Company executives are quick to point out that they’re not abandoning their core value customer, who is searching for a dress for $600 or below, a price point covered by the company’s David’s Bridal and Galina “house brands.” But management is finding less and less resistance when it adds dresses that ring up at more than $1,000. The design team is currently in the process of launching another house brand called Jewel that’s one level up from the entry level lines.

The key to the company’s growing pricing power is its collaborations with well-known designers, a strategy that debuted in 1994 with Oleg Cassini but flowered in 2010 when the company launched WHITE by Vera Wang. The relationship with Wang, the icon of bridal, helped create a halo effect for David’s Bridal and accelerated its emphasis on original design. The Vera Wang deal was followed by a partnership with Melissa Sweet in 2012 (the same year the company was acquired by Clayton, Dubilier & Rice), and this February the first collaboration with Zac Posen hit stores.

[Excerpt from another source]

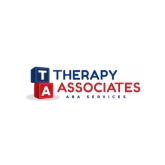Therapy Associates ABA Services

For big-name designers the partnerships are a chance to reach a broader customer base than they could on their own. David’s Bridal, the largest wedding dress chain with more than 300 locations, says one in three brides in the U.S. walks down the aisle in a gown purchased from the company. The design team sketched almost 1,000 gowns for the spring 2015 season and ended up picking 72. The breadth of its assortment stems from its democratic ethos—that any woman can shop there regardless of style, budget, or size (some dresses go up to 26W).

“For me as a designer, it’s an amazing opportunity to translate the aesthetic and really keep the beauty,” says Sweet, “and not have to try to translate into something that ends up looking cheap but to be able to offer such a look at such a great price and reach so many more brides.”

Acierno says designers like Sweet don’t have to worry about cannibalizing from their other lines because they’re reaching a different kind of customer through David’s Bridal. “There’s a certain client that’s just not going to come in,” she explains. “That girl that wants to spend $10,000 is going to go to Vera.”

The David’s Bridal team is able to keep costs down thanks to economies of scale but also by creatively sourcing materials and through design tactics. They might use a synthetic fabric that hangs like silk, for example,  and they’re always on the hunt for new technology that might, say, improve the quality of machine-produced lace. “You could take half of these dresses and put them in Kleinfeld and charge $10,000 and no one would know the difference,” says Acierno. “It’s shocking what we’re getting into these dresses for the value.”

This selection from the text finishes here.